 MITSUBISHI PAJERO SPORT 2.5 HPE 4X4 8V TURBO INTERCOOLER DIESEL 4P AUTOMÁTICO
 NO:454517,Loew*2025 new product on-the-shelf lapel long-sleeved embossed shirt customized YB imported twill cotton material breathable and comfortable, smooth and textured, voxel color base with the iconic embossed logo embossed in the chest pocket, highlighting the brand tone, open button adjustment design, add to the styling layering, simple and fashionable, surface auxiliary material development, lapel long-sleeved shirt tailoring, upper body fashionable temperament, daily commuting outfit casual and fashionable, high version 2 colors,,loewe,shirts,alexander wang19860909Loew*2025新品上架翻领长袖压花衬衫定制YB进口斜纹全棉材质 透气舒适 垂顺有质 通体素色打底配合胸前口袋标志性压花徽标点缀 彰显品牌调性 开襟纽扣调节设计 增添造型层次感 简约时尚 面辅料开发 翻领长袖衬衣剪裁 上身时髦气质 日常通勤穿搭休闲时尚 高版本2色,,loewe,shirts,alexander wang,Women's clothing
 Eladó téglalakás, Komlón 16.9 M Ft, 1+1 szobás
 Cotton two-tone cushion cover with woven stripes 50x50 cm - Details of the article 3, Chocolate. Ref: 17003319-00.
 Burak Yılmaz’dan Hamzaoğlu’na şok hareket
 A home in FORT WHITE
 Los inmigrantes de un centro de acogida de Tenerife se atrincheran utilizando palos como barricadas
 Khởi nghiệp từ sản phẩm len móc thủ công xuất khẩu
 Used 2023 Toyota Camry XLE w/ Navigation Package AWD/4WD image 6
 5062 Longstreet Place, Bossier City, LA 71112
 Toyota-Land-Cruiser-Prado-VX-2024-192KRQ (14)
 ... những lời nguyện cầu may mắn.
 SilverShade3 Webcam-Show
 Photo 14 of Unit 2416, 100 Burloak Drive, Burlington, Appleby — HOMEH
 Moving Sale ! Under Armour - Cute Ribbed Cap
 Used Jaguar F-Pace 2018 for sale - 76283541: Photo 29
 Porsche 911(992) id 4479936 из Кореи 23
########
Task
Exact copies of the line containing "SilverShade3 Webcam-Show" and of every line after it through the end of the entries are all that should be output.

Expected answer
 SilverShade3 Webcam-Show
 Photo 14 of Unit 2416, 100 Burloak Drive, Burlington, Appleby — HOMEH
 Moving Sale ! Under Armour - Cute Ribbed Cap
 Used Jaguar F-Pace 2018 for sale - 76283541: Photo 29
 Porsche 911(992) id 4479936 из Кореи 23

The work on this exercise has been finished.